Nice work, Dave. Trump’s appeal is counter-intuitive, in that the more things he says, history tells us he should have been all done as a candidate, yet the opposite is true. The only explanation on the left for this is racism, etc, the standard garbage. The explanation on the right, by the establishment right, is that the country is filled with rubes.
So, I guess, which is it? And why, in any case, would we consent to be governed by anyone who feels this way about their country, that it no longer represents them in any meaningful way? That, in fact, it might be purposefully mis-representing them?
We didn’t elect people to ram the unwanted thing down our throats, but that’s what we get, every year. And we still re-elect them. The entire process needs a massive shakeup.
Thanks for adding the point several of us around here and even Peggy Noonan have been making.
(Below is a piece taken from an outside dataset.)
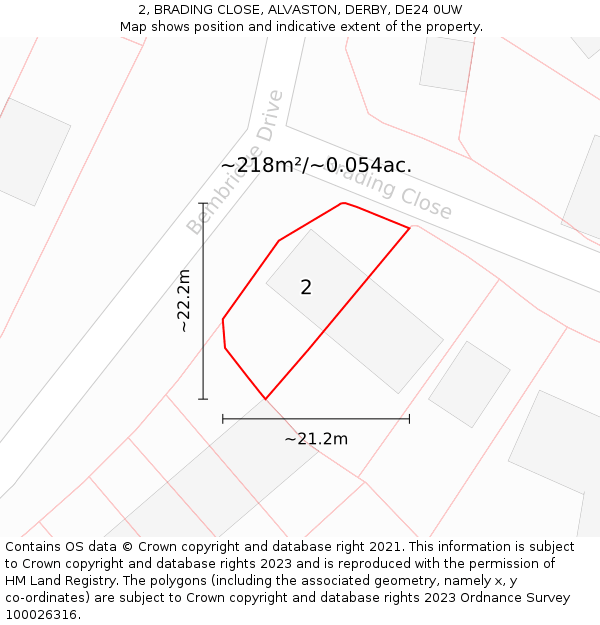 2, BRADING CLOSE, ALVASTON, DERBY, DE24 0UW: Plot and title map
Trump’s poll numbers and phenomenon have very little to do with Trump and much to do with Congressional Republicans.
I am frustrated that he appears the best we can do this cycle to raise up someone worthy of aggravating the majority of incumbents and their donor apparatus, but nobody else stepped into the arena.
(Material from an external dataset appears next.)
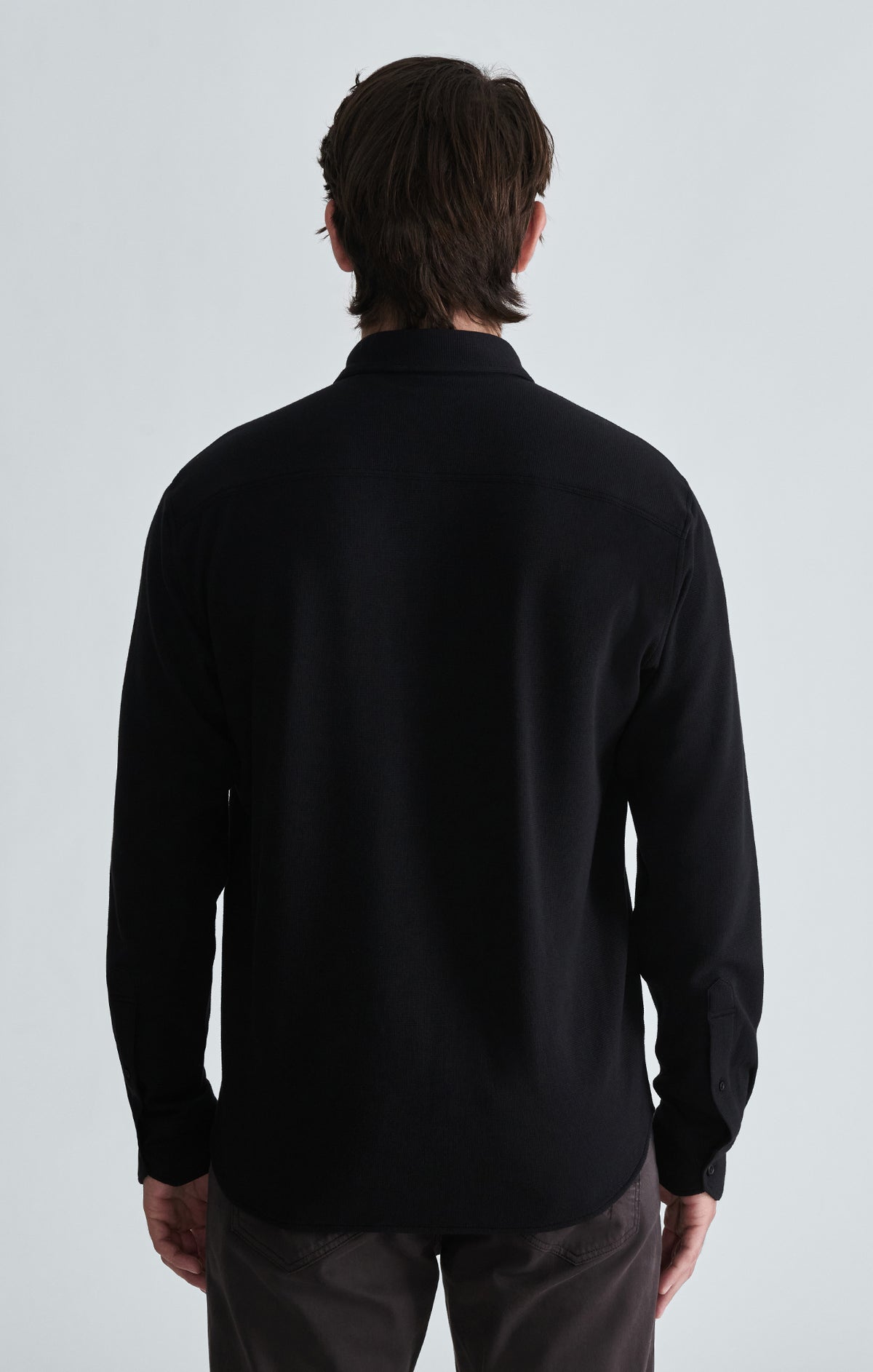 WAFFLE KNIT BUTTON-UP SHIRT IN BLACK - Mavi Jeans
Part of that may be how grueling the process is. You have to be a little crazy to want to put yourself out there and through this. There might be a million better people for doing this and for being President, but we have to choose from those crazy enough to say, “I’ll do it!” And Trump is the only one who says, “I’ll do it, and I don’t care what the big donors think.”
Excellent as always!
And I honestly think the consultants/elites/establishment or whatever you wish to call them don’t realize that they’re mostly to blame for Trump’s lead.
I’ve pointed out before that insulting voters doesn’t win them to your side but hardens opposition to your message but they’ve carried on serenely confident that only an idiot could disagree with them.
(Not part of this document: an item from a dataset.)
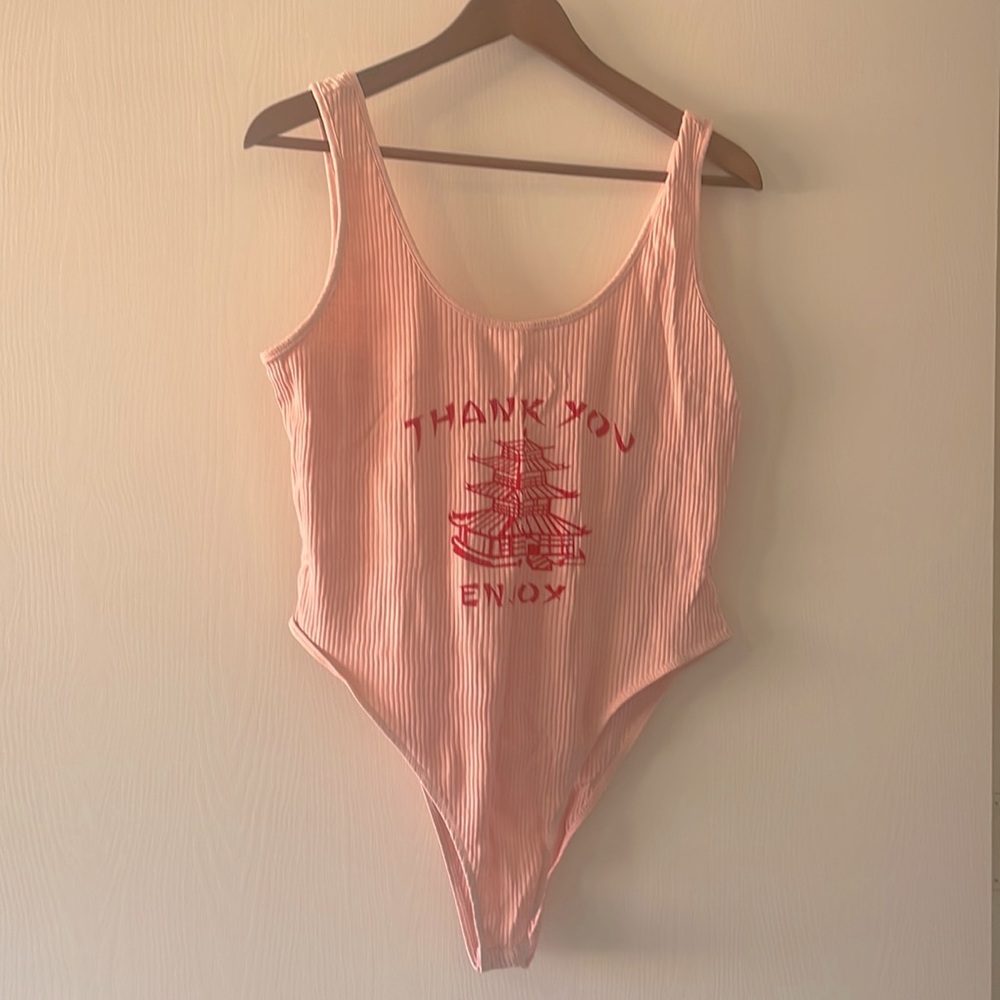 Pink ribbed bodysuit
The other problem is the moral superiority complex you find with some supporters who believe their fanboyism is somehow better than others because of the object of their adoration. The idea that other people have come to their choice rationally just doesn’t occur.
Good article, agree with it. Half of the country is either crazy or simply doesn’t have a clue about anything beyond their immediate surroundings. The other half– third– is angry about the crazies and the ignorant and the rent seeking parasitical establishments of both parties who are quite happy as the ultimate decline will take longer than they and their children will live. But we’ve stirred up a man on horseback, a hero who will fix it, a populist demagogue who is in fact part of the pattern of decline, dysfunction and corruption. Not good, but understandable. It happens when countries reach this kind of stagnation and when interests harden into culture.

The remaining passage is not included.